[Records for the task Boundary: Start]

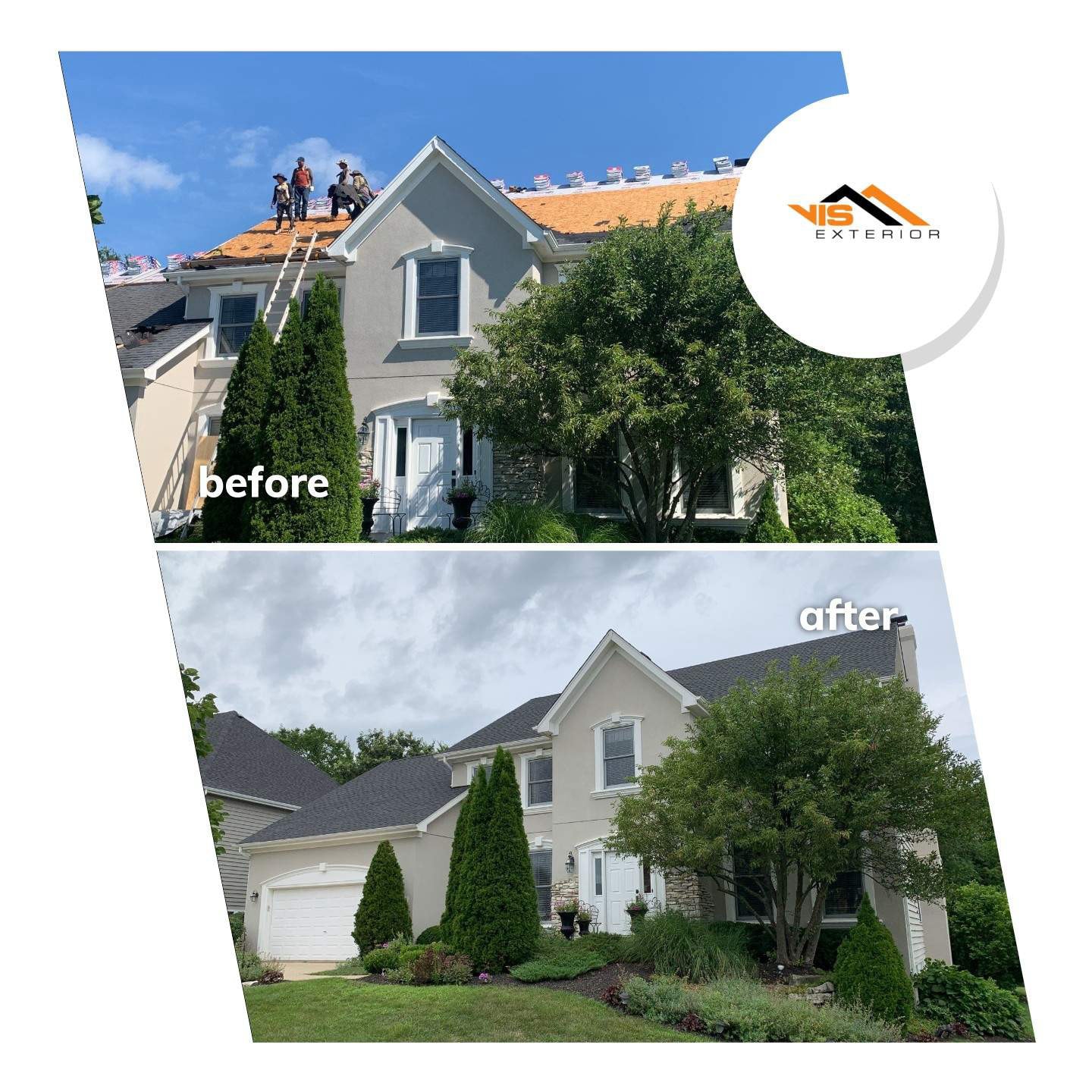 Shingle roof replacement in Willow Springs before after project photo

[Records for the task Boundary: End]
[Records for the task Boundary: Start]

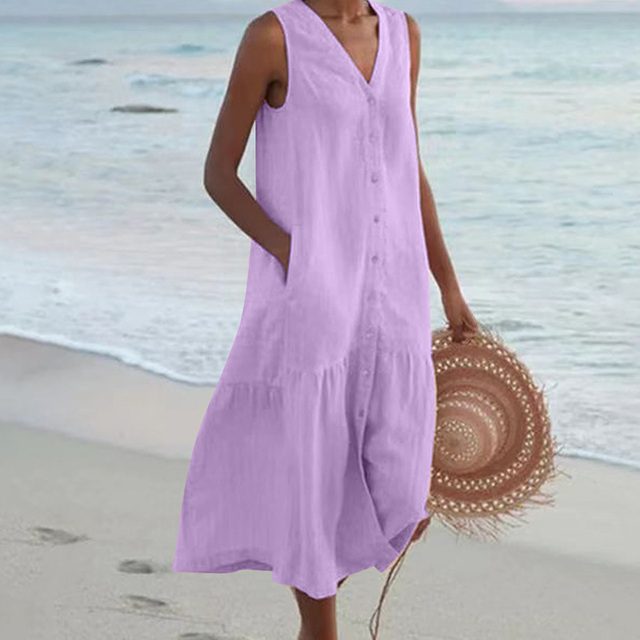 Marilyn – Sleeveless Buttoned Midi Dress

[Records for the task Boundary: End]
[Records for the task Boundary: Start]

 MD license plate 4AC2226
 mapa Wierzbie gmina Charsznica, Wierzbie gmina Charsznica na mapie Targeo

[Records for the task Boundary: End]

Set down, exactly as they stand above, the lines starting with the line with "MD license plate 4AC2226" and going on through the line with "mapa Wierzbie gmina", and no others.

 MD license plate 4AC2226
 mapa Wierzbie gmina Charsznica, Wierzbie gmina Charsznica na mapie Targeo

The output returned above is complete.